* What to do
Could you restate word for word the lines running from the one with "Ford Fusion I4 SE 2011" to the end of the data, both ends included, but without pictures?

* * *

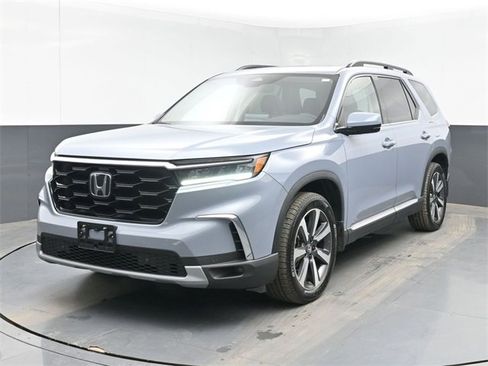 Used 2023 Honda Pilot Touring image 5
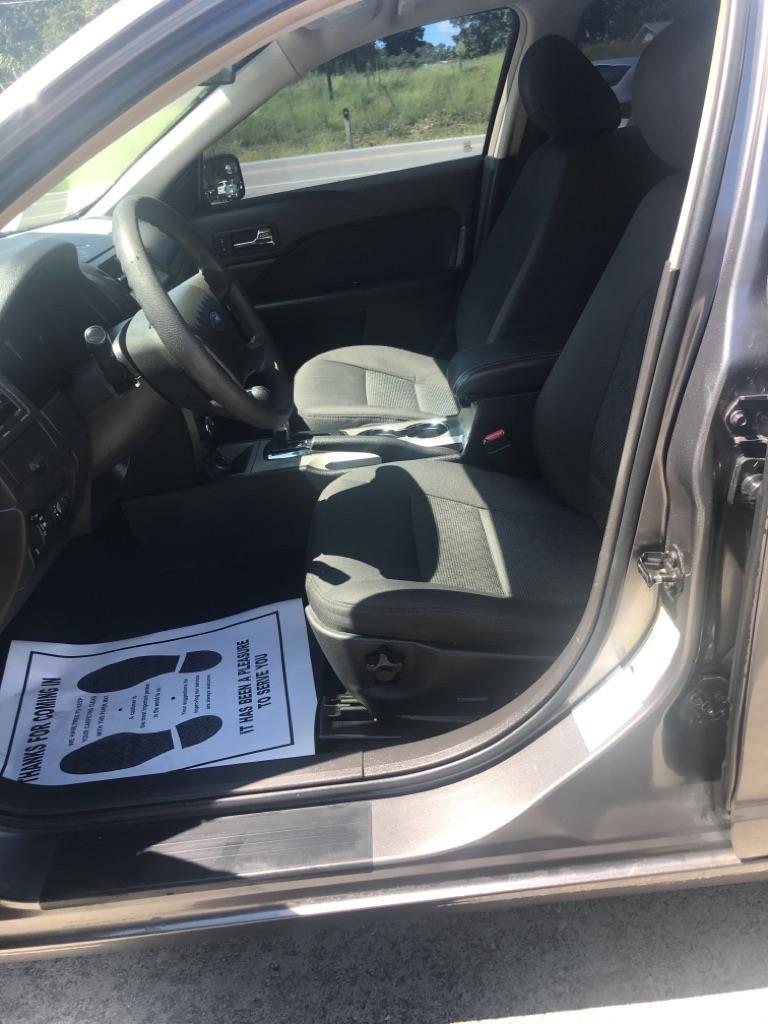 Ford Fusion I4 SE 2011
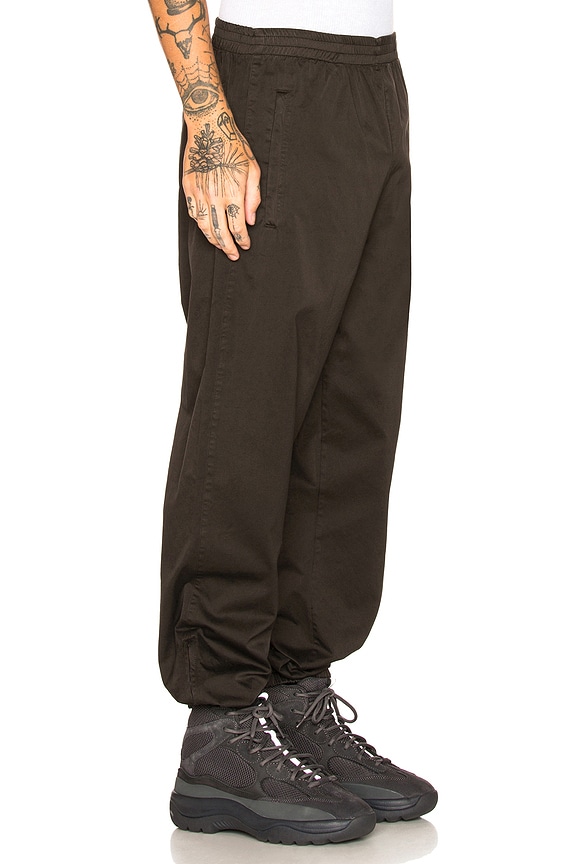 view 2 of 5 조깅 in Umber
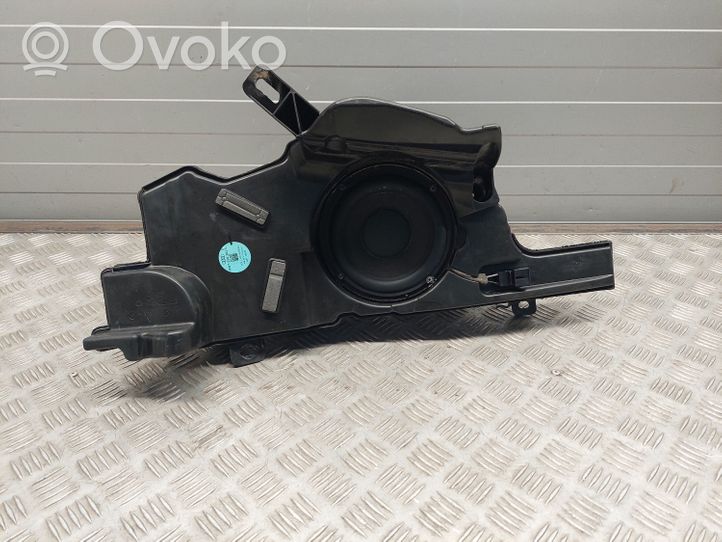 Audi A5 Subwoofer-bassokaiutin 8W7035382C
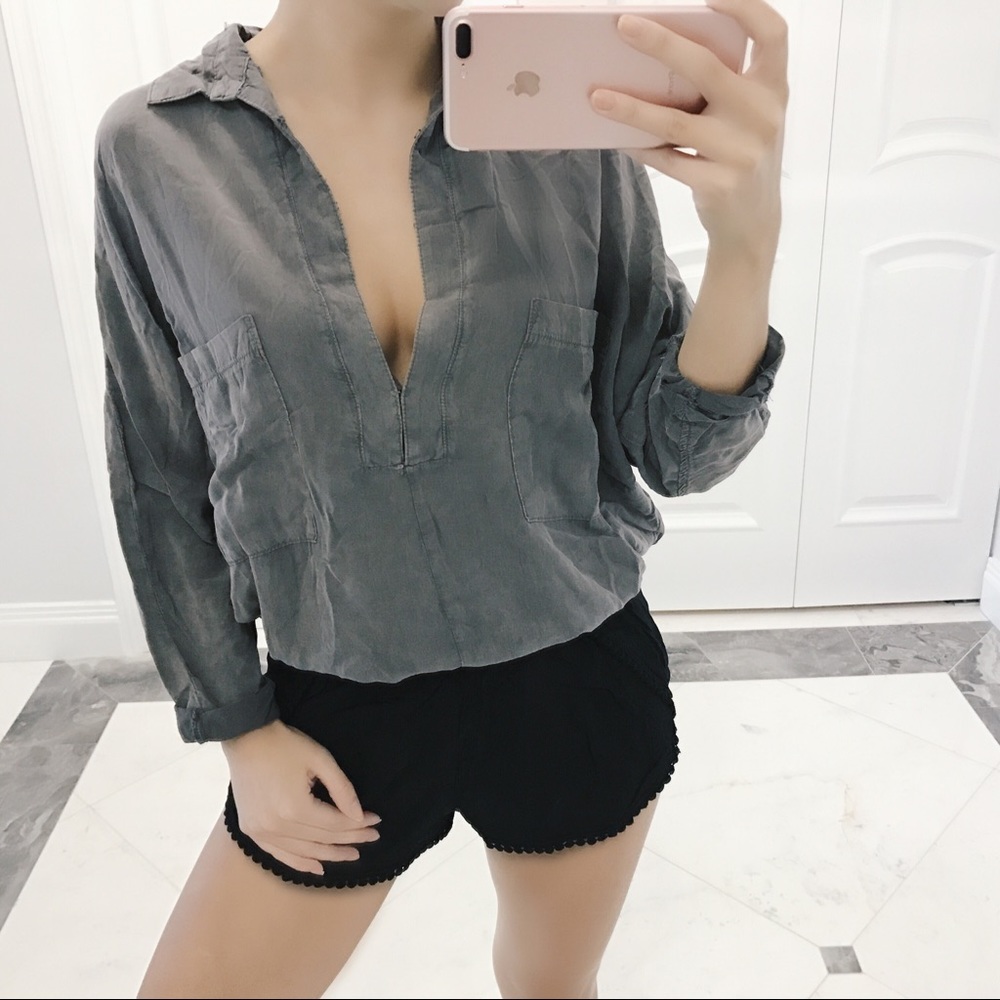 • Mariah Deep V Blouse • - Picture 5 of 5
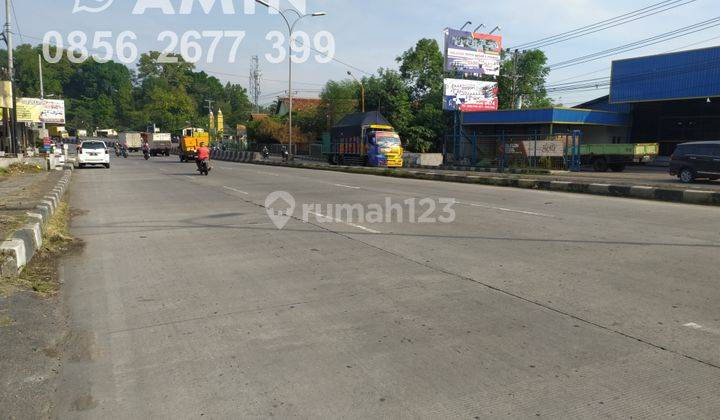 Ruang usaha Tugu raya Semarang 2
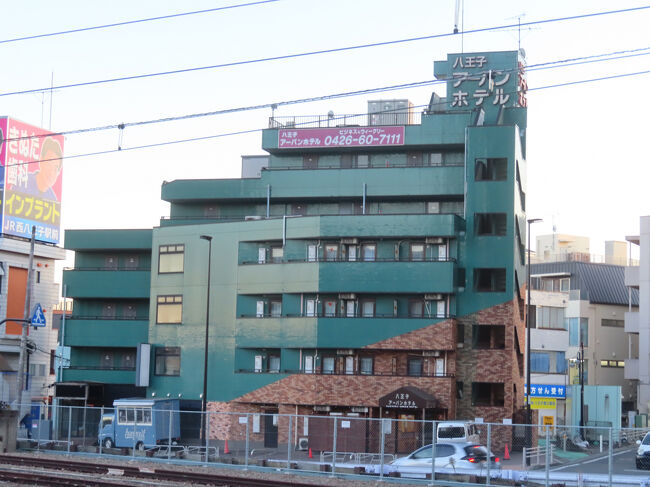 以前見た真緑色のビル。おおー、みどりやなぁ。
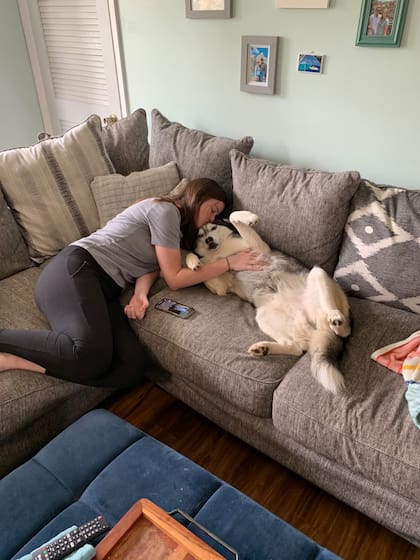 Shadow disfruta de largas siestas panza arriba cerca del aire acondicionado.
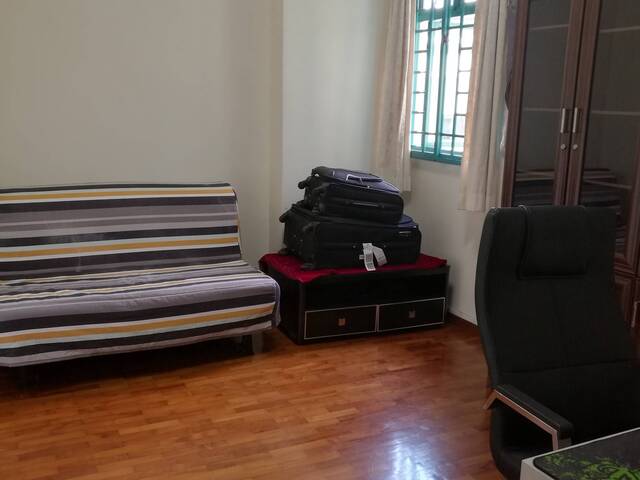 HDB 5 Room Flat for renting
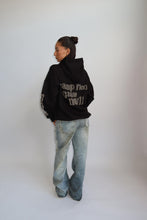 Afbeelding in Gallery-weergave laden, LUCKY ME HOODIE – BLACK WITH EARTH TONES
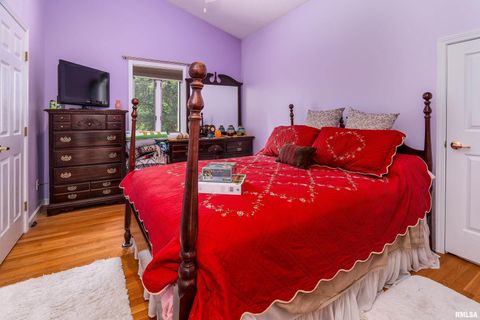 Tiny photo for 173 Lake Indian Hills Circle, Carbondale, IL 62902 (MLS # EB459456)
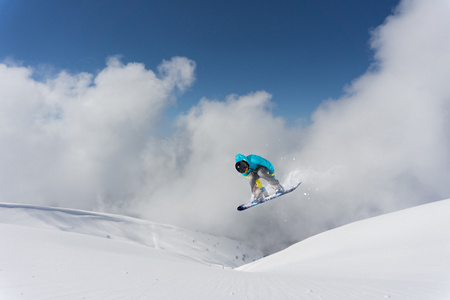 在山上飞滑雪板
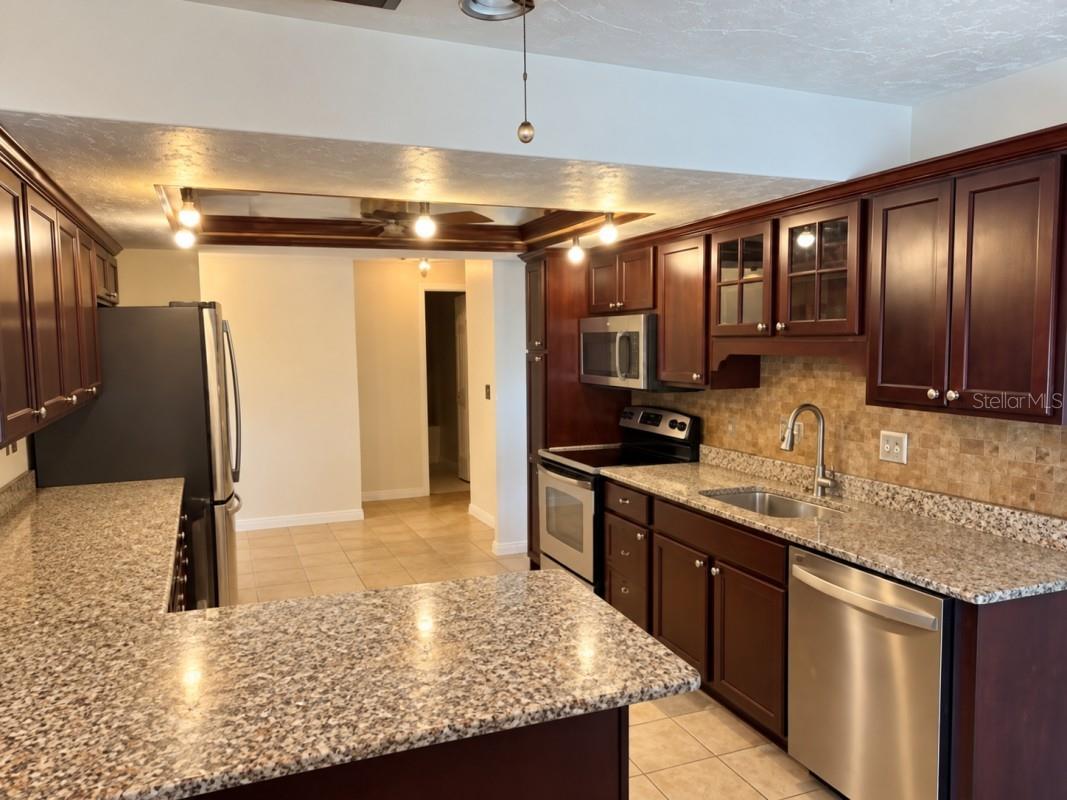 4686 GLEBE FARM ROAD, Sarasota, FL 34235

* * *

* Written solution
 Ford Fusion I4 SE 2011
 view 2 of 5 조깅 in Umber
 Audi A5 Subwoofer-bassokaiutin 8W7035382C
 • Mariah Deep V Blouse • - Picture 5 of 5
 Ruang usaha Tugu raya Semarang 2
 以前見た真緑色のビル。おおー、みどりやなぁ。
 Shadow disfruta de largas siestas panza arriba cerca del aire acondicionado.
 HDB 5 Room Flat for renting
 Afbeelding in Gallery-weergave laden, LUCKY ME HOODIE – BLACK WITH EARTH TONES
 Tiny photo for 173 Lake Indian Hills Circle, Carbondale, IL 62902 (MLS # EB459456)
 在山上飞滑雪板
 4686 GLEBE FARM ROAD, Sarasota, FL 34235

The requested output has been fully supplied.